Les bulletins B2 et B3 de casiers judiciaires délivrés depuis quelques années ne sont pas conformes aux données réelles, mais aucun contrôle n’a été effectué sur cet état des choses. Les personnes requérantes du casier judiciaires sont tout simplement priées de se référer aux Tribunaux de Première Instance (TPI) de leurs lieux de naissance, quelle que soit la distance.

Là, ce document leur est délivré sans aucun contrôle sur les probables condamnations dont ils auraient pu faire l’objet, ni tout autre information capitale.

Le cabinet conclut qu’avec un casier judiciaire automatisé et centralisé, le système peut disposer de toutes les informations judiciaires sur chaque individu en temps réel, et les requérants peuvent soumettre des demandes en ligne à tout moment et quelle que soit leur situation géographique, le document pour leur être délivré.

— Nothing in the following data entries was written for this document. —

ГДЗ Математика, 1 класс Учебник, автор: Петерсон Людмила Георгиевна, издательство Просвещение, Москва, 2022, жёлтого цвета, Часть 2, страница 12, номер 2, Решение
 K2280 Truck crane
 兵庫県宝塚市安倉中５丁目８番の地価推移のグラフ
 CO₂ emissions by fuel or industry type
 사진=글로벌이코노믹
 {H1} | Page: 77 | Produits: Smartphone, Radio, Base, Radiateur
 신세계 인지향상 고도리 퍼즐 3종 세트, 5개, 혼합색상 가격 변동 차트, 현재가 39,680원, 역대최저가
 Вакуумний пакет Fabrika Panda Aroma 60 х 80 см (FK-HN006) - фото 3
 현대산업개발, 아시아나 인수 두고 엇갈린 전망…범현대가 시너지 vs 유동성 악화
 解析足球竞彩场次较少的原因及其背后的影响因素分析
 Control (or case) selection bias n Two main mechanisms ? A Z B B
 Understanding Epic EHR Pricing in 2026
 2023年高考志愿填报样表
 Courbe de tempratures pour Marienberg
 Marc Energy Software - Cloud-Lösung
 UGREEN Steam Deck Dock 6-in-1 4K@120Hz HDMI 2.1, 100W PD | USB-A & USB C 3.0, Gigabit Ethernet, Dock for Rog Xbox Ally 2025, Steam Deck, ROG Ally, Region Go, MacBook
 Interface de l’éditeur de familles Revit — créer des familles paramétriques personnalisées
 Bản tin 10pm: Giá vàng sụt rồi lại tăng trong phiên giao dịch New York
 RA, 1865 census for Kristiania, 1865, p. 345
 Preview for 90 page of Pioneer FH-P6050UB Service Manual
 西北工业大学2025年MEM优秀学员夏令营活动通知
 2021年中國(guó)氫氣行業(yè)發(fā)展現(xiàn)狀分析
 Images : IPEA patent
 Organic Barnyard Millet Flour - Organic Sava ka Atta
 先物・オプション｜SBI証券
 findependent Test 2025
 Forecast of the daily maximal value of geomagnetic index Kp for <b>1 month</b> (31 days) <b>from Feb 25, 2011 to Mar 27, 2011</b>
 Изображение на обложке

Ce projet entre dans le cadre de la modernisation de la justice et aussi la lutte contre la lenteur dans les processus de délivrance des documents administratifs.

Pour le Colonel Yark Damehame, représentant le ministre de la Justice à cette rencontre, il est claire que les documents administratifs sont de haute importance dans la vie de citoyens, en occurrence le casier judiciaire, un document clé nécessitant sécurité, confidentialité et véracité.

Le gouvernement se doit alors de protéger ce document afin de ne pas hypothéquer les chances administratives d’honnêtes citoyens par une quelconque défaillance dans la procédure d’établissement de cette pièce. « Le plus sûr moyen de garantir la fidélité du casier judiciaire, c’est sa centralisation et partant, son informatisation », a soutenu le colonel Yark DameHome.

Comment cela devra-t-il se faire ? L’étude du cabinet détient les réponses idoines et le reste ne serait plus qu’une question de temps.